For the past 10 years I’ve blogged about Oregon (mostly Portland) history at Lost Oregon. In those 10 years I’ve learned a lot about the local stories surrounding the city but have also increasingly been drawn to the architecture, buildings and construction of older buildings. As a former editor of a building trade publication I’ve always been curious how buildings are made, designed, what materials are used and how said building fits into a neighborhood. That interest turned into how to preserve existing structures or how to adapt an unloved building into one that can be re-used for another purpose. Most of the posts on Lost Oregon recently tended to lean on design and architecture and less on history. (I’ve posted a couple of those articles and others I’ve written from the past on here.)
So, (still with me?) that interest in design and Portland then turned into how cities are designed, how cities and burbs can be re-designed to be more pedestrian friendly, how to create spaces that encourage people to interact, developing small-scale infrastructure (I loves me a cool ped bridge over train tracks), and how Main Streets can be brought back to life.

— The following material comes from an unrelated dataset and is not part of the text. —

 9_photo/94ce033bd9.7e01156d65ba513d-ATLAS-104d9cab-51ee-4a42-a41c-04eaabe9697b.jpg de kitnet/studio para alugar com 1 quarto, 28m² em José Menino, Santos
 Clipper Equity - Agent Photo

However, there wasn’t a thread that tied these all together (cities, planning, adaptive reuse, preservation, history, placemaking, etc.) until my sister-in-law shared a link to a Facebook group called Small Developers/Builders.
Here’s what their page says:
A place for people interested in small scale, incremental development in urban neighborhoods to share questions and resources. Operational issues, business models, pro formas, straightforward design solutions.

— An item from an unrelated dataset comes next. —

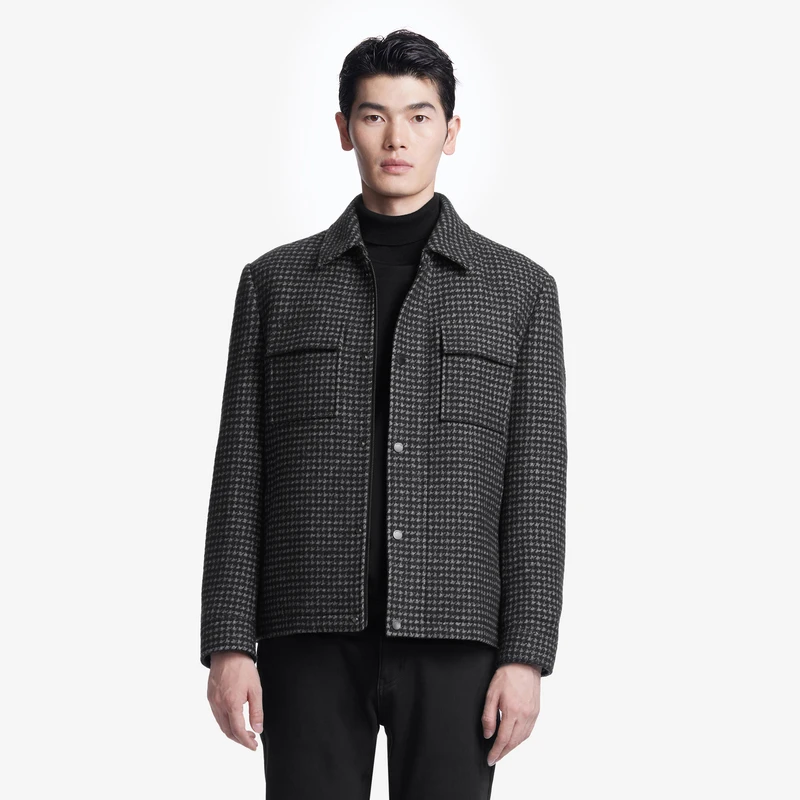 短版尼克服|BSNT4312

I sat down, grabbed a beer and read all the posts in one evening. It was eye-opening and inspiring. These are my people. They’re developers, but they’re developing small-scale, or incremental development, in their own neighborhoods. Want a coffee shop, brewery or something else in that cool two-story brick building around the corner from your house? Develop it yourself. DIY placemaking. That’s the mantra of this group and of the people that post.

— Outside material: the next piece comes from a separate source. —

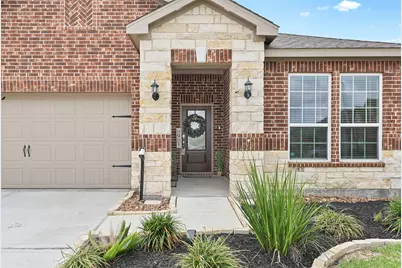 14209 Freeboard Drive, Texas City, TX 77510 - Photo 3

There’s so much to learn (codes, zoning, more codes, funding?) and I’d like to use this blog to help discover what I need to know to maybe develop something myself someday. In the meantime, I’ll be featuring cool projects, stories, examples of small-scale buildings (that can range from new to adaptive re-use), small-scale infrastructure, public works and transportation.
Thanks for reading.
Proud member of Strong Towns.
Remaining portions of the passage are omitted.